> _Task_: Set down all of the entries word for word, omitting the images they contain.

> _Record extracts_:

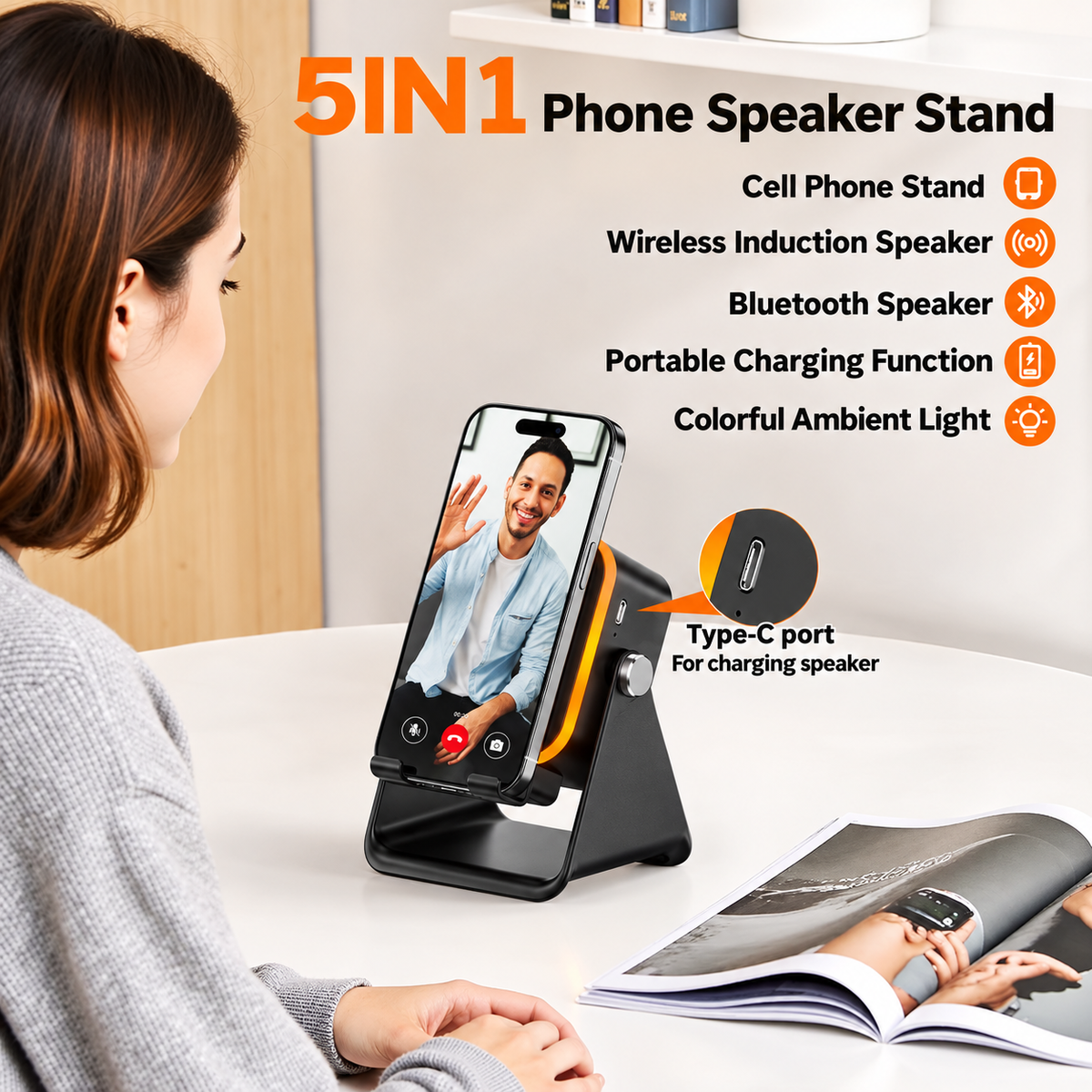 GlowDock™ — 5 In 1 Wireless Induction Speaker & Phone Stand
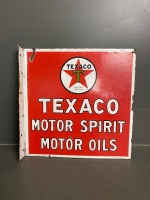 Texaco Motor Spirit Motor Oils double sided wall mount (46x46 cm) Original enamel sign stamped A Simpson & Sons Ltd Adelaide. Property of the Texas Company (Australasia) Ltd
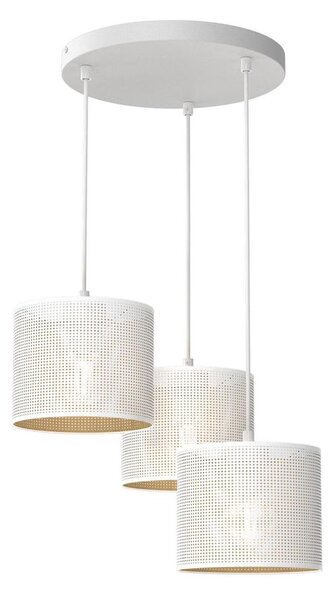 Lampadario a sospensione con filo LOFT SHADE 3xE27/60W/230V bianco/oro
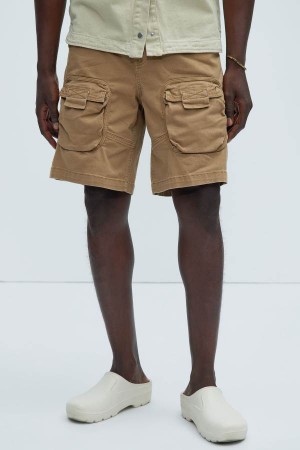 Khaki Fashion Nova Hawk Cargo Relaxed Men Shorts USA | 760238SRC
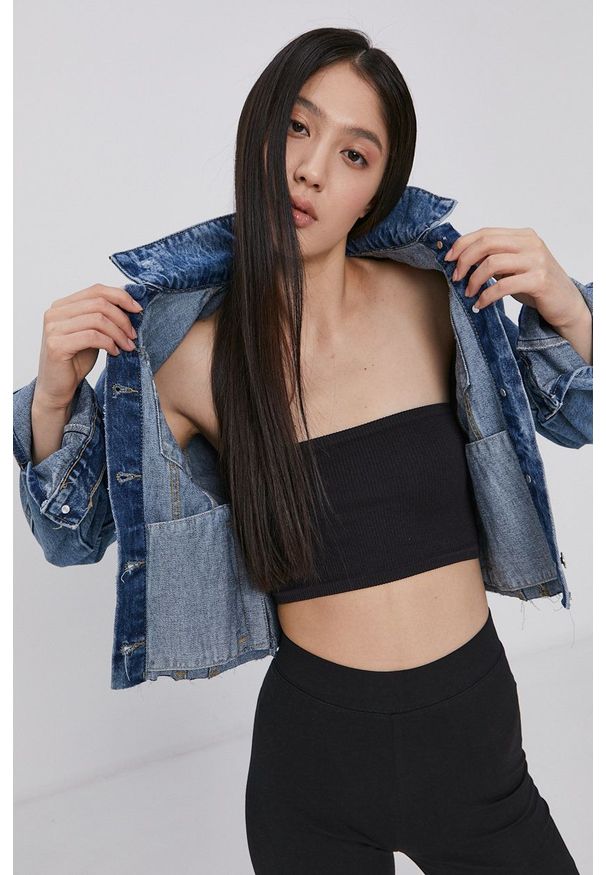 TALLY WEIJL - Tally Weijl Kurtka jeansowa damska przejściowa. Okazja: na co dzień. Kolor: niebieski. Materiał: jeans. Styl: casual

> _Reply to the task_:
 GlowDock™ — 5 In 1 Wireless Induction Speaker & Phone Stand
 Texaco Motor Spirit Motor Oils double sided wall mount (46x46 cm) Original enamel sign stamped A Simpson & Sons Ltd Adelaide. Property of the Texas Company (Australasia) Ltd
 Lampadario a sospensione con filo LOFT SHADE 3xE27/60W/230V bianco/oro
 Khaki Fashion Nova Hawk Cargo Relaxed Men Shorts USA | 760238SRC
 TALLY WEIJL - Tally Weijl Kurtka jeansowa damska przejściowa. Okazja: na co dzień. Kolor: niebieski. Materiał: jeans. Styl: casual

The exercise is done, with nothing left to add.